Gegen 01:40 Uhr am heutigen Freitagmorgen erreichte die Leitstelle der Berufsfeuerwehr Kassel über den Notruf 112 eine Meldung über einen Gebäudebrand in der Rasenallee. Daraufhin entsandte die Leitstelle den Löschzug der Berufsfeuerwehr der Feuerwache 1, die Freiwillige Feuerwehr Kassel-Harleshausen sowie den Rettungsdienst.

Vor Ort hatte der einzige Bewohner des Einfamilienhauses das Gebäude bereits verlassen und berichtete von einem Brand im Keller. Die Person wurde durch den anwesenden Rettungsdienst erstversorgt und mit Verdacht auf eine Rauchgasintoxikation in eine Klinik geliefert. Die Feuerwehr nahm unverzüglich mit einem Trupp unter Atemschutz einen Löschangriff vor. Im Keller brannte eine Gastherme, welche schnell abgelöscht werden konnte.

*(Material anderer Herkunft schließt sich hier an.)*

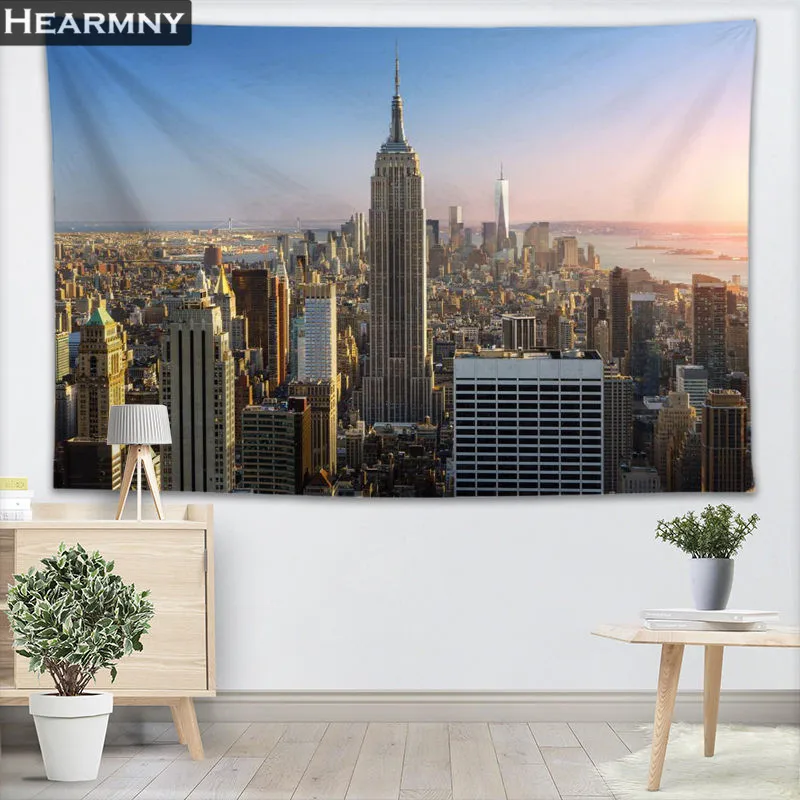 HEARMNY Tapestry New York City Tapestries Wall Hanging Show Piece For Home Decor Wall Carpet Beach Throw Rug Blanket Yoga Mat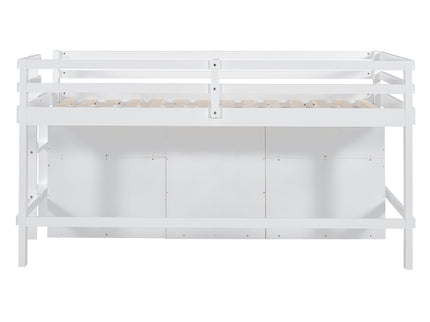Loft Bed With 4 Drawers, Underneath Cabinet And Shelves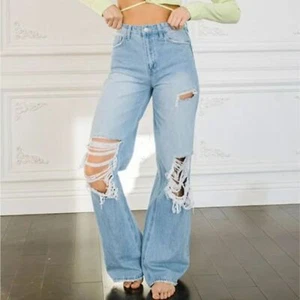 Jeans denim Flying Monkey anni 90 vintage larghi vita alta lavaggio medio 27 nuovi con etichette - difetto - Foto 1 di 10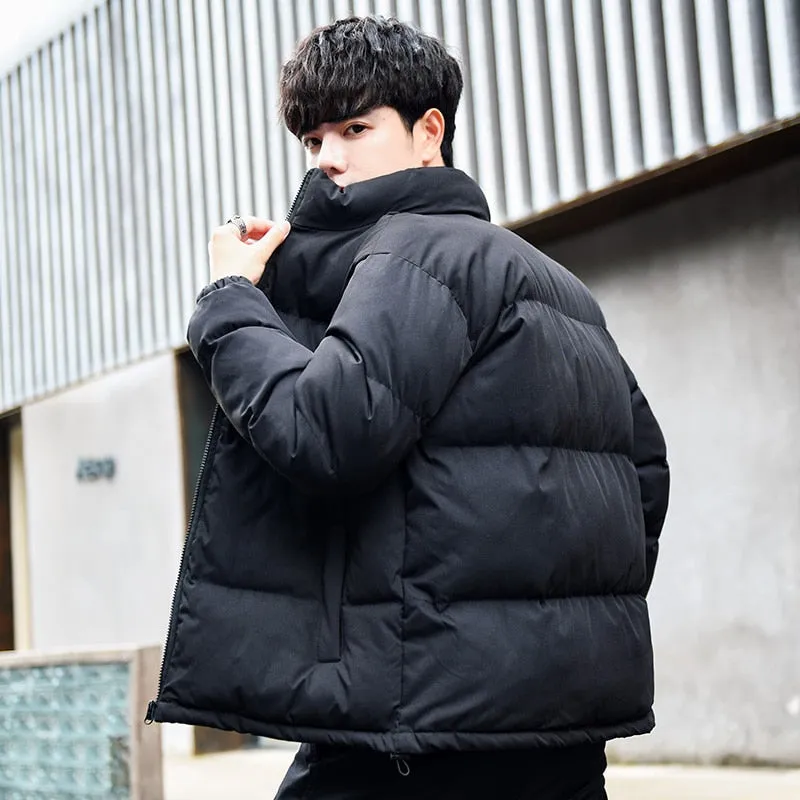 Aidase Men Winter Coat Oversize Parkas Harajuku Korean Style Male Warm Jackets Stand Collar Clothing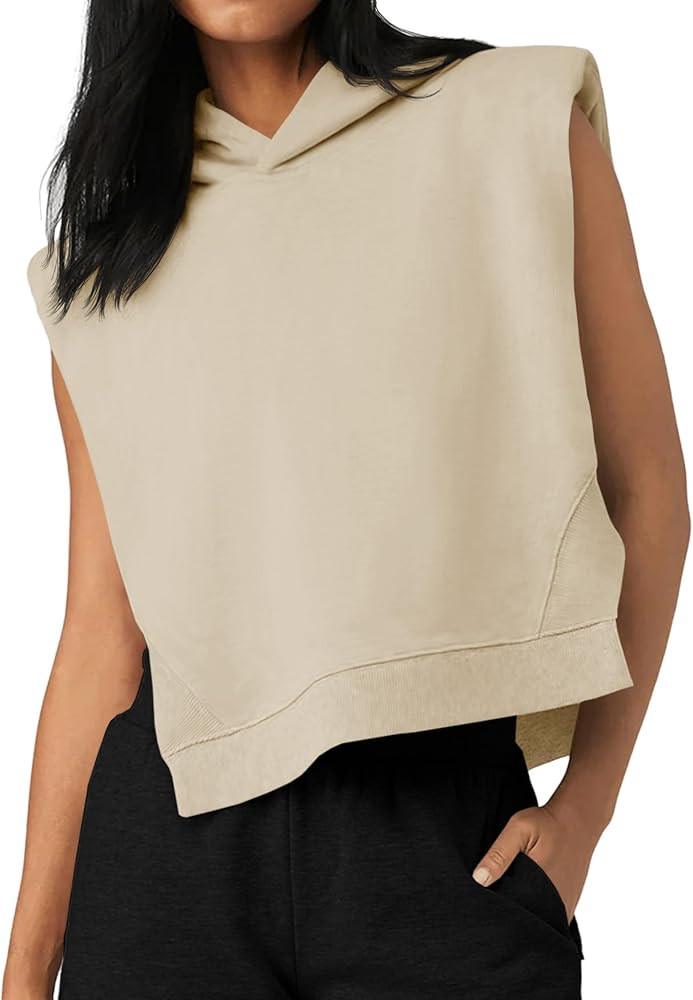 Aurgelmir Women's Sleeveless Hoodies Workout Loose Fit Shoulder Pad Crop Pullover Hooded Sweatshi... | Amazon (US)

Parallel zur Brandbekämpfung wurde das Gebäude mittels Belüftungsgerät entraucht. Bei der Brandbekämpfung stellte der vorgehende Trupp Abströmgeräusche aus der Gasleitung fest. Daraufhin verließen die Einsatzkräfte das Gebäude. Die Städtischen Werke Gas sperrten die Gasleitung ab, sodass die Gefahr des austretenden Gases gebannt wurde. Nach weiterer Belüftung des Gebäude und kleineren Nachlöscharbeiten war der Einsatz der Feuerwehr nach gut 2,5 Stunden beendet.